There are several areas where directors may be personally liable for the actions of the company. The duties of directors include, for example, anti-competitive activities, and corporate manslaughter.
Possible criminal penalties apply to all employees, although directors are most at risk because the boardroom is 'where the buck stops'. The criminal penalties include imprisonment, heavy fines and disqualification from directorships
The Health and Safety Commission have issued guidance advising that organisations assign directorial responsibility to a board director, and outlining the range of board level tasks.
Directors' service contracts
Directors' service contracts have become increasingly complex as a result of the introduction of additional employment law.
Very simply, directors are entitled to all the rights of any other employee, and companies have the same obligations to a director as to any other employee.

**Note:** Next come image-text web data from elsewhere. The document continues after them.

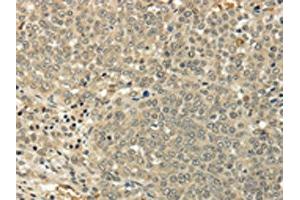 The image on the left is immunohistochemistry of paraffin-embedded Human ovarian cancer tissue using ABIN7128017(SIAH1 Antibody) at dilution 1/35, on the right is treated with fusion protein. (SIAH1 anticorps)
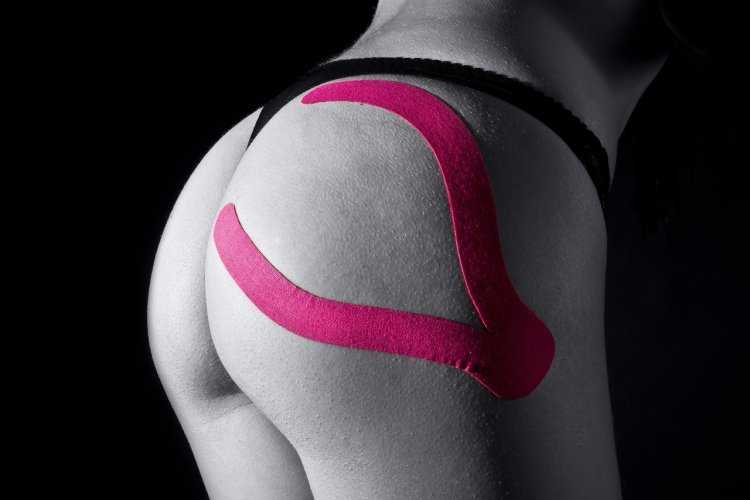 Тейпирование средней ягодичной мышцы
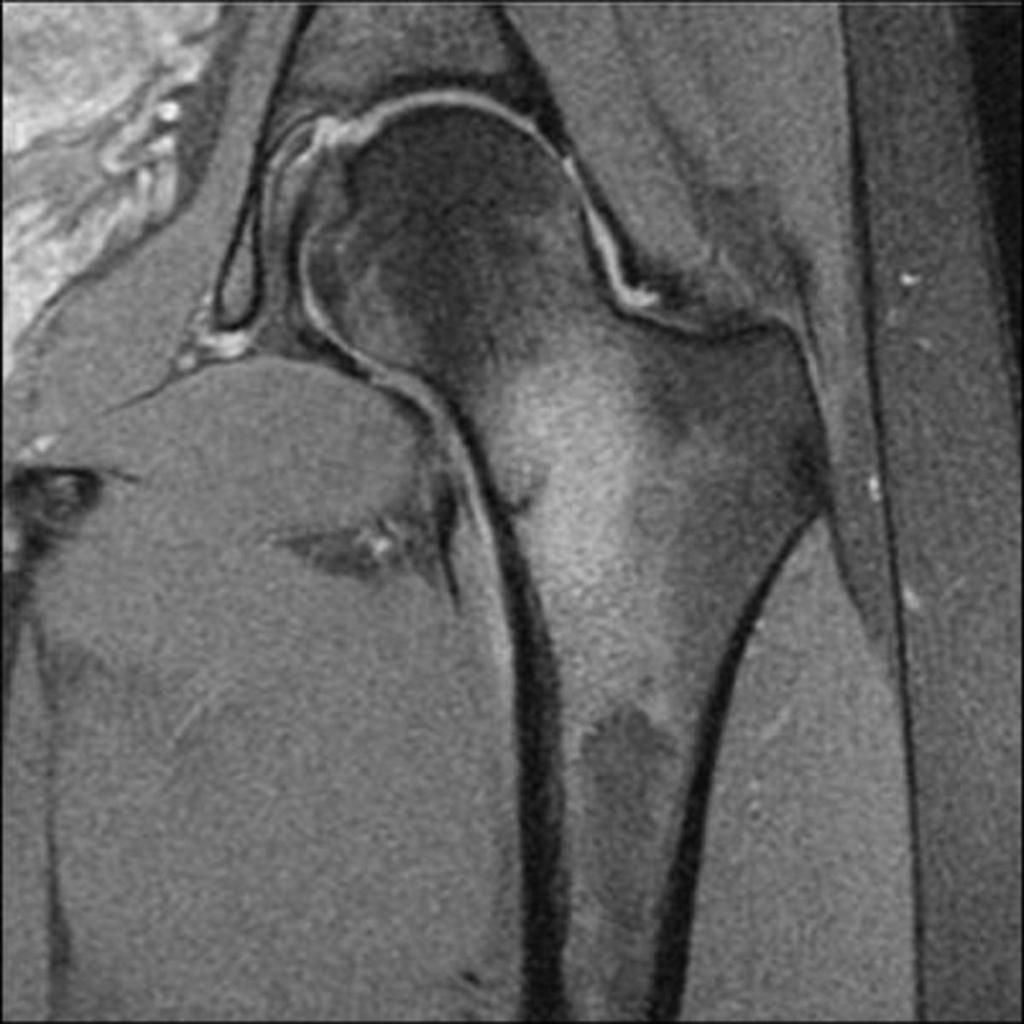 Fig. 12: Femotral neck stress fracture: Coronal STIR image showing a low signal fracture line extending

That means that the company must provide terms of employment to a director just as to the most junior member of the office.
If you are a director, we suggest that you are aware of the following relating to employment:
Directorship is an 'office' not an employment. It follows that a director may or may not be an employee. If a director is paid for working in an executive capacity (doing more than attend board and similar meetings), then he or she is most probably an employee.

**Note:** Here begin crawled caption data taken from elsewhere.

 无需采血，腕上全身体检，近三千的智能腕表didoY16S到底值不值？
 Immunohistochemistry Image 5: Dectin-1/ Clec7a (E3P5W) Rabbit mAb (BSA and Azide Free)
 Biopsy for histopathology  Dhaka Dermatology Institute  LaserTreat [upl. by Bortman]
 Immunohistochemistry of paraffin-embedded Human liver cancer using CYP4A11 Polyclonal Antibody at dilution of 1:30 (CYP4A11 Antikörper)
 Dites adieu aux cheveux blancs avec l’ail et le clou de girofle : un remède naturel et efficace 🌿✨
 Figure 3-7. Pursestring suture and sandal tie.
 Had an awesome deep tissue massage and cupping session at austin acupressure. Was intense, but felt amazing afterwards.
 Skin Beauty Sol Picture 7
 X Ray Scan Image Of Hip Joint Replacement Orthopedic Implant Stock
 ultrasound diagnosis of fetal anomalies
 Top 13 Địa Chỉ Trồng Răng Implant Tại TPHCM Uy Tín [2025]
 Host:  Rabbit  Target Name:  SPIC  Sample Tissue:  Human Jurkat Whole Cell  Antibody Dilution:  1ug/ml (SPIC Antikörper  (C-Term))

A director will have difficulty in making a claim against the company for a default for which he or she, as a director or employee was responsible. Nevertheless, such claims do succeed from time to time.
For maximum operational convenience, make sure your job description is broad and not specific, and that it covers the main areas of future expansion as well as today's business.

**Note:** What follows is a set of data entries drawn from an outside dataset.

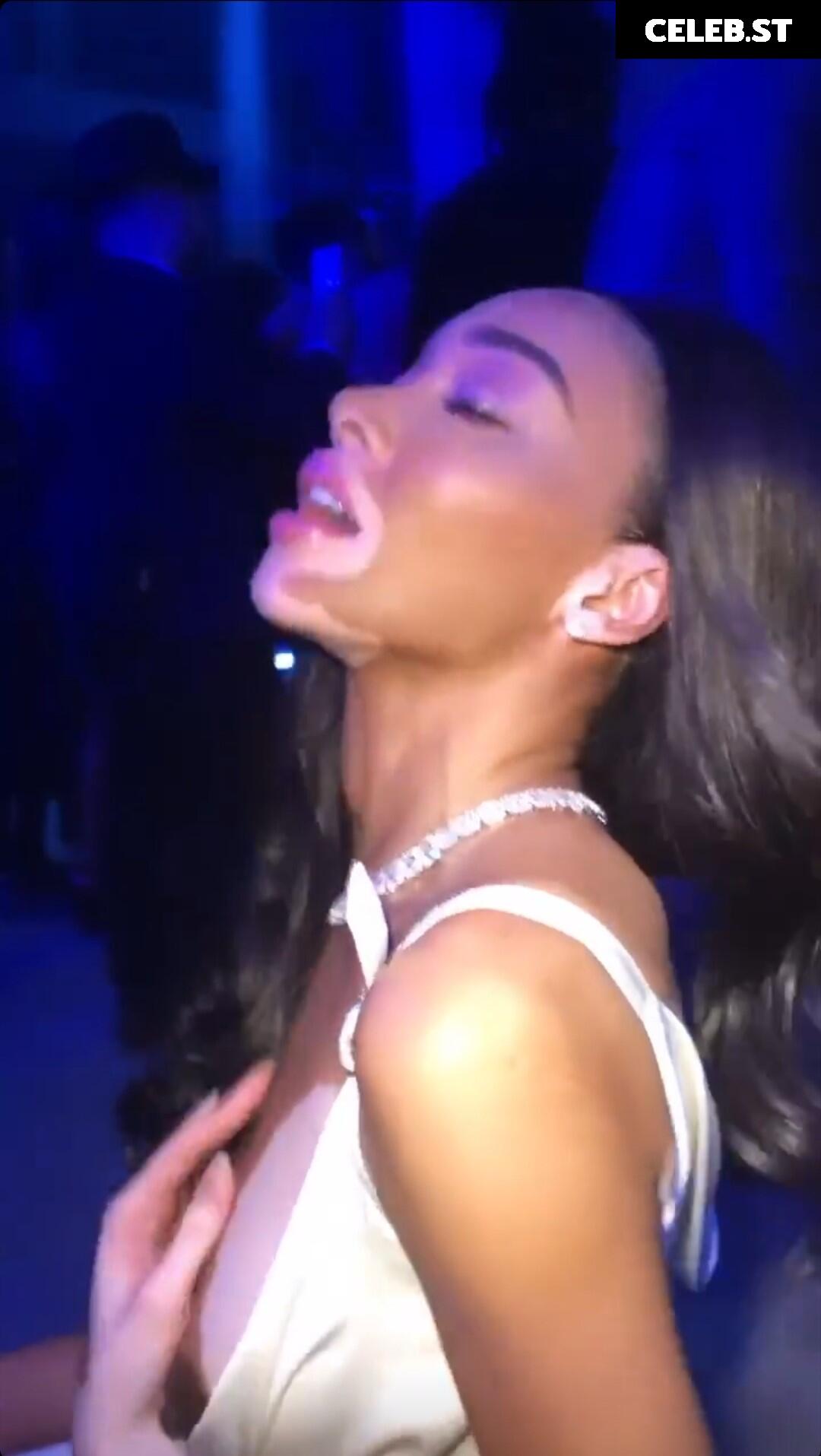 Winnie Harlow Image 1733910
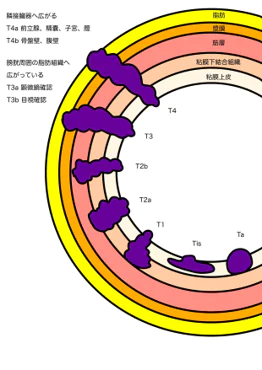 膀胱がんの治療方法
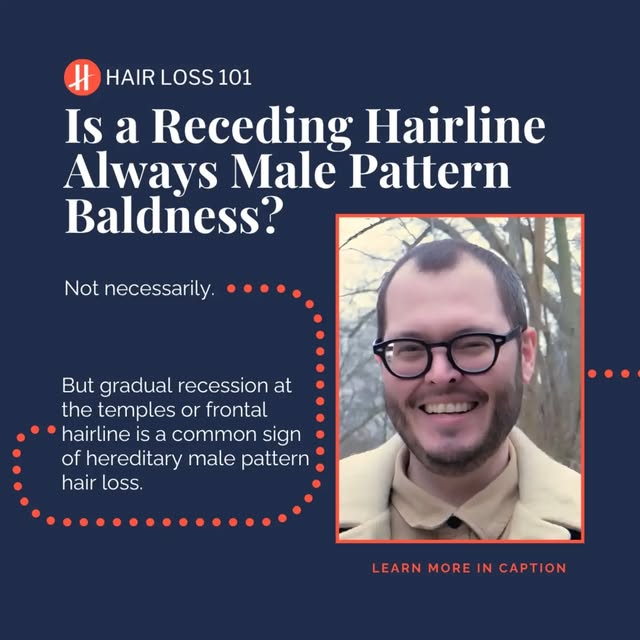 A changing hairline can happen for different reasons, but one of the most common is hereditary male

It is not unreasonable that you should opt out of the Working Time Regulations.
It is a good idea to negotiate a pension arrangement specific to you or the whole board. If it is separate from any other general scheme, it gives more flexibility for change. It may be most advantageous to use a self-invested pension plan (SIPP) where you have control personally over the assets of your fund. Take care to stay on the right side of the tax law, as it is both complicated and inflexible.
A company car is not the perk it used to be since the amount charged back to you against tax gives you a tax bill, which effectively eliminates the benefit as against buying the car personally. Consider instead negotiating for the value of the car to which you are entitled, while the running expenses are still paid by the company, then buying something similar yourself. If your choice costs less, you have a financial advantage.
Clearly, the managing director of a company is the best placed person to set up new competition. Strong covenants against competition are therefore normal. Because English and Welsh law interprets such a clause against the company, it has to be drawn in a way that may at first appear to duplicate the intention. Subject to that, do make sure it is acceptable to you, in every aspect of its effect.
There has been a massive increase in claims against directors in all manner of areas as their responsibilities increase in number. Even when such claims fail or simply fizzle out, there is an enormous cost in legal fees. Insurance against such claims is therefore essential for directors who do not also control their company as shareholders. There are many policies available.